Showing posts with label copyrights. Show all posts
Showing posts with label copyrights. Show all posts

Tuesday, February 26, 2008

Cheap Records

I’ve been addicted to bargain bins for as long as I’ve known of them. I lost a slew of records in the early 70s, when my apartment was burglarized, but even so, I still have several hundred (vinyl) records dating from that time. It’s not just the lure of getting music for cheap; at remainder prices you can afford to buy things on impulse, just because you like the album cover, or because you vaguely remember having heard something by the artist(s) and sorta kinda remember liking them.

You don’t usually get the mega-hits in remainder bins, though the hits do show up in as used in stores devoted to that purpose (usually not at the cheapest prices, of course). Used vinyl was/is a risky purchase, since even apparently clean albums sometimes have a single, major skip somewhere. CDs are more forgiving, but the downside of that is that more people treat them badly, so used CDs often have pretty ugly surfaces and sometimes those render one or more tracks unusable. Nevertheless, there are often some tricks that can recover the track for ripping if not for straight play. The same holds true for vinyl, there being some wonder-products that clean and even repair (to a very limited extent) the surfaces.

Buying closeout records is sometimes a bit ghoulish. When MGM records failed to option Frank Zappa in 1968, Zappa formed Bizarre Productions, and a good bit of Zappa’s MGM catalog went to remainder, including Lumpy Gravy, which I bought (and then lost to the aforementioned burglary). There must have been something going on with MGM records, because all of the “Boston Sound” artists hit the cheap bins at about the same time. A while later, MGM sold out to Polydor, and another big batch of product hit the remainder shelves, including a number of Verve recordings.

When Tetragrammaton Records bit the dust, I got some Bill Cosby records, plus Steve Barron and some others.

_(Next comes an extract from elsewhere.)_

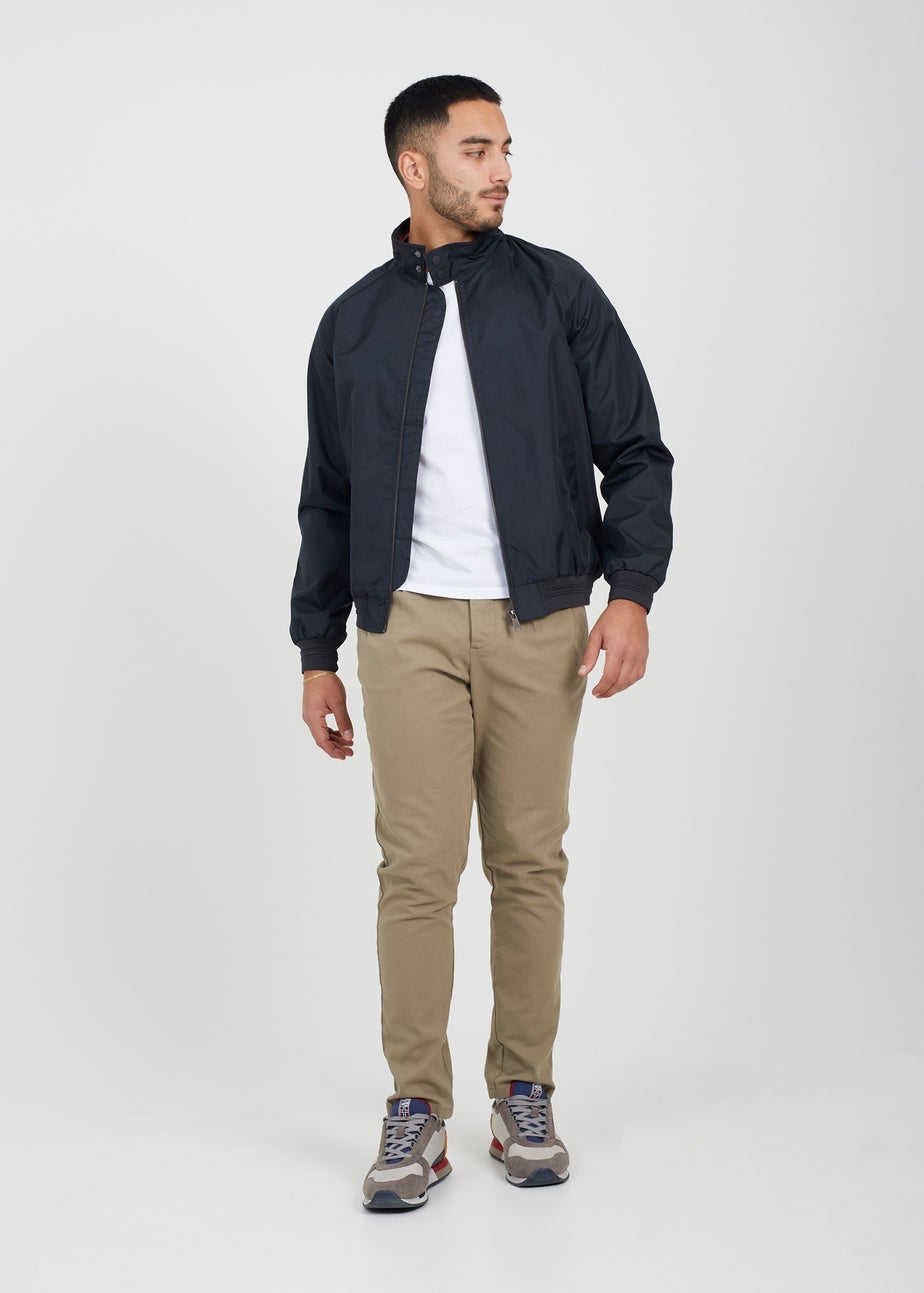 Brave Soul Navy Lightweight High Neck Harrington Jacket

The Phillips label also had some financial difficulties, so I own a couple of copies of the classic H. P. Lovecraft II album, and it’s near the top of my list for conversion to MP3.

Realize that buying cheap records doesn’t actually save you any money; you just buy more albums with the same budget, or lack thereof, which is to say, all your disposable income. After I moved to California, I joined a taping club for a while, not so much to save money on any given record, but because the effort involved in taping put a limit on the number of albums I could get at any given time so I saved in the aggregate. The net result of that is a cache of reel-to-reel tapes of some records that are almost impossible to get elsewhere like the Handscapes by the Piano Choir, or Across the Western Ocean by John Roberts and Tony Barrand.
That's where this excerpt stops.